British businessman Alistair McAlpine (1942–2014), wrote of the artistic reputation of the area in a 2002 memoir:

But Turkey Creek, for all its lack of modern facilities, is the home of one of Australia's most exciting schools of painting. It first came to fame when Rover Thomas, one of its citizens, represented Australia at the Venice Biennale. His friend Paddy Tjamati was another of Turkey Creek's painters who broke away from the idea of simply reproducing tribal patterns on canvas. These two artists painted the landscapes of their country on dismembered tea-chests (..) Since the days of Paddy Tjamati and Rover Thomas's early efforts, a great deal of interest has been paid to the work of the painters from Turkey Creek.

===Warmun Art Centre===

====History====
Warmun Art Centre was established in 1998 by Rover Thomas, Queenie McKenzie, Madigan Thomas, Hector Jandany, and others, as a community-owned and -controlled centre that maintains, supports and promotes Gija art, language and culture.

The 2011 floods rose quickly around the art centre, causing around 600 works in the gallery to float away in the water. The Warmun community collection, an art collection of great significance consisting of around 400 works, was locked away in a secure room, and although they were water-damaged, they were able to be restored by expert conservationists at Melbourne University. The artworks were returned to the art centre in June 2013, after the building had been rebuilt, located on a riverbank opposite the residential area.

The art centre was closed for two years and two months during the COVID-19 pandemic in Australia. During this time the interior was redecorated, and works were shown through new virtual software, while the artists worked from home.
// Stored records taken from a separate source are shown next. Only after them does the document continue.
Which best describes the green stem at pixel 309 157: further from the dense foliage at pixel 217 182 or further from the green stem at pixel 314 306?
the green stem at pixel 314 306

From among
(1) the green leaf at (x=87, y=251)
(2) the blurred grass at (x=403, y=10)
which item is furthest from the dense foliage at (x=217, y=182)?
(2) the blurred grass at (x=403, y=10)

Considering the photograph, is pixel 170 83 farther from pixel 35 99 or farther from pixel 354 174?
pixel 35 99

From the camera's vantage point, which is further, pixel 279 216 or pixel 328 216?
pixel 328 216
Online sales continued and strong demand continued. The centre reopened in May 2022, owing to its location away from the residents, to whom access continued to be restricted. Visitors are obliged to follow COVID-19 prevention protocols, including taking a rapid antigen test before entry.

====Goals, style and themes====
The primary goal of the centre is "the conservation of culturally and socially significant objects and knowledge systems", using art to achieve this. All profits are returned to the community.
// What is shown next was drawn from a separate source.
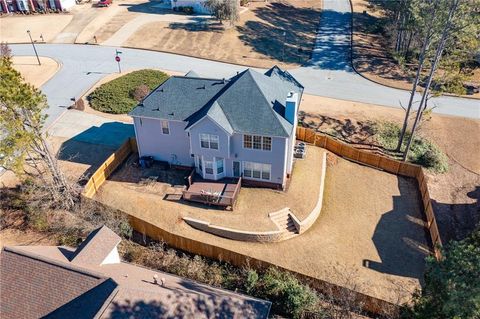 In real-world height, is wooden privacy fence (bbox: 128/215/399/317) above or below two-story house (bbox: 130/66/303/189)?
below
Artists at the centre are known for their distinctive style, using ochre and other natural pigments on canvas to represent traditional Dreaming stories as well as everyday life of the people. The typical style is described as "simple and uncluttered, painted with natural ochre, with shapes being defined by rows of white dots". The Gija artists' work often includes topographical maps in painted with ochre, sometimes using gum gathered from local bloodwood trees as a fixative.

Members of the Gija people from the Warmun community have depicted the Mistake Creek massacre in their artworks.

====Collections and contemporary artists====

The work of Warmun artists is held and has been exhibited in significant local and international collections, including the Art Gallery of Western Australia, Art Gallery of New South Wales, the National Gallery of Australia and National Gallery of Victoria (NGV).

Mabel Juli, Shirley Purdie and Lena Nyadbi are particularly well-known names in the art world.

Other notable contemporary artists among the more than 60 artists at the centre include:

- Gordon Barney (husband of Shirley Purdie)
- Patrick Mung Mung
- Phyllis Thomas
- Churchill Cann
- Betty Carrington
- Madigan Thomas
- Phyllis Thomas (died 5 November 2018)
- Rammey Ramsey
- Evelyn Malgil
- Peggy Patrick
- Nancy Nodea
- Lorraine Daylight
- Tommy Carroll
- Mary Thomas (b. 1944)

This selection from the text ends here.